Turns out that joining the AUCC was the best decision I’ve mad so far. The next weekend was the Anawhenua trip just outside of Rotorua and in contrast to the Wairoa trip, this one was quite a bit bigger in terms of participants. Life Ful James, we managed to basically fill a campsite with rowdy kayakers. We were split into 3 groups: The Carnivorous River Ducks, the Lochness Monsters and the Taniwhas (Maori for sea monster). This was just a means to organize the crowd of people who decided to show up. Marjie and I hitched a ride down with Hamish, a Kiwi from Auckland and when we arrived, we basically just set up the tents and passed out. The next morning the CRDs (Marjie, Bianca and I) and the Lochness Monsters (Grant, Leo, Pierce and Lyssa) headed up to the Rangitaiki River to do some rafting! I’m sure it was due to the drought but the water level here was actually quite low apparently. Not to say it wasn’t a good time, definitely got smashed around quite a bit, but we were also getting stuck on rocks a decent amount. By the time we finished our 2 hour lap and the other group theirs, it was dinner time so we headed back to camp for some campstove chicken fajitas! That night was a booze fuelled shin dig down at some veterans pub just up the highway during which a good old fashioned shirt swap took place. Apparently this is a club tradition, switching shirts for other shirts, dresses and sometimes bras. Luckily the club extended the courtesy of letting the pub know we were all coming so they had time to stock up so they would be drunk dry. When the party was finished we all headed back to camp to get some sleep and hopefully rest up for tomorrow’s paddling. The morning arrived too soon by my reckoning and before long, we were off up the road to the Anawhenua section of the Rangitaiki river to do some good old grade 2 paddling. I grabbed me a Mystic Creeker and when we were all set up, the instructors would shove us off the edge of the walkway, a good 2m drop to the water below. Compared to Wairoa, this was quite a bit easier but nonetheless an awesome time.

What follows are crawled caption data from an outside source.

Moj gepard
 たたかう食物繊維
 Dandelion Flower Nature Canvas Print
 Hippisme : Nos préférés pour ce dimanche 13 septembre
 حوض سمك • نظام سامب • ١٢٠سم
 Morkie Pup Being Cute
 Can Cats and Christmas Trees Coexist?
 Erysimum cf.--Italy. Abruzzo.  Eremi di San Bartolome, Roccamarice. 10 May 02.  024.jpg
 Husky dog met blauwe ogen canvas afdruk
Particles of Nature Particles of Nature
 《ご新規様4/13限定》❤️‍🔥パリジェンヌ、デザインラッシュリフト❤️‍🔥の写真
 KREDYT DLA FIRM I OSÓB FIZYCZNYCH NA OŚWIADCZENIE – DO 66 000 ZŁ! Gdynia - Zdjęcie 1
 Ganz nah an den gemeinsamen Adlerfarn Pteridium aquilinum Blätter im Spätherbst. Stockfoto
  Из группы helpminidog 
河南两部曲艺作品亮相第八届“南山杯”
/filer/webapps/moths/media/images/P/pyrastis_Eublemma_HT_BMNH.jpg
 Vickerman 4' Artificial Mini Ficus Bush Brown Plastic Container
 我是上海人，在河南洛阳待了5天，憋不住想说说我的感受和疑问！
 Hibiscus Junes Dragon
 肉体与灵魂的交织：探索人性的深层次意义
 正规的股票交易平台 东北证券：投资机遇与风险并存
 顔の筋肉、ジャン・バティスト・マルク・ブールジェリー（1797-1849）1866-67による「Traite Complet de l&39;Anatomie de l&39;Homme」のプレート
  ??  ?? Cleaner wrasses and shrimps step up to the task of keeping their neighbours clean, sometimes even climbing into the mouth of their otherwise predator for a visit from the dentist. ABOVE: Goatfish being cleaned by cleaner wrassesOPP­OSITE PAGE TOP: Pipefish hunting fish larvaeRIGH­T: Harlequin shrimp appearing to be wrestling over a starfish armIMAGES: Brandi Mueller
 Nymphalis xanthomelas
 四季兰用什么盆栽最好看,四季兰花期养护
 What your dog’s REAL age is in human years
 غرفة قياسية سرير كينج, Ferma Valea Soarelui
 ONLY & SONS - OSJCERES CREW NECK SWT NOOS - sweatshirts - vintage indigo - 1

The following week was a week from hell in my opinion. Four exams and a research paper due before heading out on Mid-semester break! Unfortunately for me, one of these exams was a final for a correspondence course I was doing through TRU and it ended up taking up a good 3 hour portion of the day. Other than that, the other tests were almost enjoyable and right now I am in the midst of finishing up my research paper. Just thought I’s take a break and get this blog all caught up!
Patrick gets here tomorrow at 1am from Singapore, just enough time to drop some stuff off in my room and catch the 4am shuttle back to the airport for the most epic adventure yet…the South Island!
I feel I must apologize for two things: taking my sweet as time on getting this post up and again for the length but I thank you for taking the time to give it a read. Cheers!